▸ **INSTRUCTIONS FOR THE TASK**: These entries are to be set down again exactly.

==================================================

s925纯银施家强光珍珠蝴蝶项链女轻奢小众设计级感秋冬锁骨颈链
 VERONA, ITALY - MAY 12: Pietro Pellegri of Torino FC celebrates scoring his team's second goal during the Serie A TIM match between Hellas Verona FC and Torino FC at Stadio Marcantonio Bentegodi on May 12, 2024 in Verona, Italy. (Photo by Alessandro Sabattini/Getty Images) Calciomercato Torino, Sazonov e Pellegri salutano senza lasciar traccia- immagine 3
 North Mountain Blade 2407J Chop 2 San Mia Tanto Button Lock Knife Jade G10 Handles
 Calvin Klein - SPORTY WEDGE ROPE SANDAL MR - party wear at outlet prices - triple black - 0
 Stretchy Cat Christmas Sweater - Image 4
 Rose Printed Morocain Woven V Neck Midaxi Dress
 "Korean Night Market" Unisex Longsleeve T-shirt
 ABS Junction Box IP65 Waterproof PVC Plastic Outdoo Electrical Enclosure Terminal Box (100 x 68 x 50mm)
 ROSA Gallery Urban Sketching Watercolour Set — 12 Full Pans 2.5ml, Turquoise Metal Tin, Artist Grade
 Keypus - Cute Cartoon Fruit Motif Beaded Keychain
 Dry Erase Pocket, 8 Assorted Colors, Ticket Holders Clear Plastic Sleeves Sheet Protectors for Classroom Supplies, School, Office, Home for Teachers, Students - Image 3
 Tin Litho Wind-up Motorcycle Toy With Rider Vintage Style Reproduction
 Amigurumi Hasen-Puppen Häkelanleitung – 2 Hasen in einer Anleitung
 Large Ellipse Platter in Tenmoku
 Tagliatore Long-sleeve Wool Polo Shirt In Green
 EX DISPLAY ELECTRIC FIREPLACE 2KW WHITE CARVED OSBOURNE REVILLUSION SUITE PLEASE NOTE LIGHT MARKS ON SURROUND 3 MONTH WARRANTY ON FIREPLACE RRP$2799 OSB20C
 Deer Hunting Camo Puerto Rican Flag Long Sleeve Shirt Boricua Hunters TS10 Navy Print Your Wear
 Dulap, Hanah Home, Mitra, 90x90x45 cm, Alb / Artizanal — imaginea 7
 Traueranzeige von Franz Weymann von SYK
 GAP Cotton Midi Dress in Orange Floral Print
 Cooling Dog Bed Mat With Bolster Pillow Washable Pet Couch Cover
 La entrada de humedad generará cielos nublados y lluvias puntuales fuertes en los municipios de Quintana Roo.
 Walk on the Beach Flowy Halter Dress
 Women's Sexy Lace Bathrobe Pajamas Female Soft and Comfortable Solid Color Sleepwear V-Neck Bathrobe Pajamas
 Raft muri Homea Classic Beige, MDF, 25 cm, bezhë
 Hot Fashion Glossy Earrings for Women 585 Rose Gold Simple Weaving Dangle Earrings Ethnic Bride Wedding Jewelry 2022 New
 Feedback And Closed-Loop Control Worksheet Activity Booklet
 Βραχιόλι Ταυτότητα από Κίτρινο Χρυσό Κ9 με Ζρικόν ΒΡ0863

==================================================

▸ **TASK ANSWER**:
s925纯银施家强光珍珠蝴蝶项链女轻奢小众设计级感秋冬锁骨颈链
 VERONA, ITALY - MAY 12: Pietro Pellegri of Torino FC celebrates scoring his team's second goal during the Serie A TIM match between Hellas Verona FC and Torino FC at Stadio Marcantonio Bentegodi on May 12, 2024 in Verona, Italy. (Photo by Alessandro Sabattini/Getty Images) Calciomercato Torino, Sazonov e Pellegri salutano senza lasciar traccia- immagine 3
 North Mountain Blade 2407J Chop 2 San Mia Tanto Button Lock Knife Jade G10 Handles
 Calvin Klein - SPORTY WEDGE ROPE SANDAL MR - party wear at outlet prices - triple black - 0
 Stretchy Cat Christmas Sweater - Image 4
 Rose Printed Morocain Woven V Neck Midaxi Dress
 "Korean Night Market" Unisex Longsleeve T-shirt
 ABS Junction Box IP65 Waterproof PVC Plastic Outdoo Electrical Enclosure Terminal Box (100 x 68 x 50mm)
 ROSA Gallery Urban Sketching Watercolour Set — 12 Full Pans 2.5ml, Turquoise Metal Tin, Artist Grade
 Keypus - Cute Cartoon Fruit Motif Beaded Keychain
 Dry Erase Pocket, 8 Assorted Colors, Ticket Holders Clear Plastic Sleeves Sheet Protectors for Classroom Supplies, School, Office, Home for Teachers, Students - Image 3
 Tin Litho Wind-up Motorcycle Toy With Rider Vintage Style Reproduction
 Amigurumi Hasen-Puppen Häkelanleitung – 2 Hasen in einer Anleitung
 Large Ellipse Platter in Tenmoku
 Tagliatore Long-sleeve Wool Polo Shirt In Green
 EX DISPLAY ELECTRIC FIREPLACE 2KW WHITE CARVED OSBOURNE REVILLUSION SUITE PLEASE NOTE LIGHT MARKS ON SURROUND 3 MONTH WARRANTY ON FIREPLACE RRP$2799 OSB20C
 Deer Hunting Camo Puerto Rican Flag Long Sleeve Shirt Boricua Hunters TS10 Navy Print Your Wear
 Dulap, Hanah Home, Mitra, 90x90x45 cm, Alb / Artizanal — imaginea 7
 Traueranzeige von Franz Weymann von SYK
 GAP Cotton Midi Dress in Orange Floral Print
 Cooling Dog Bed Mat With Bolster Pillow Washable Pet Couch Cover
 La entrada de humedad generará cielos nublados y lluvias puntuales fuertes en los municipios de Quintana Roo.
 Walk on the Beach Flowy Halter Dress
 Women's Sexy Lace Bathrobe Pajamas Female Soft and Comfortable Solid Color Sleepwear V-Neck Bathrobe Pajamas
 Raft muri Homea Classic Beige, MDF, 25 cm, bezhë
 Hot Fashion Glossy Earrings for Women 585 Rose Gold Simple Weaving Dangle Earrings Ethnic Bride Wedding Jewelry 2022 New
 Feedback And Closed-Loop Control Worksheet Activity Booklet
 Βραχιόλι Ταυτότητα από Κίτρινο Χρυσό Κ9 με Ζρικόν ΒΡ0863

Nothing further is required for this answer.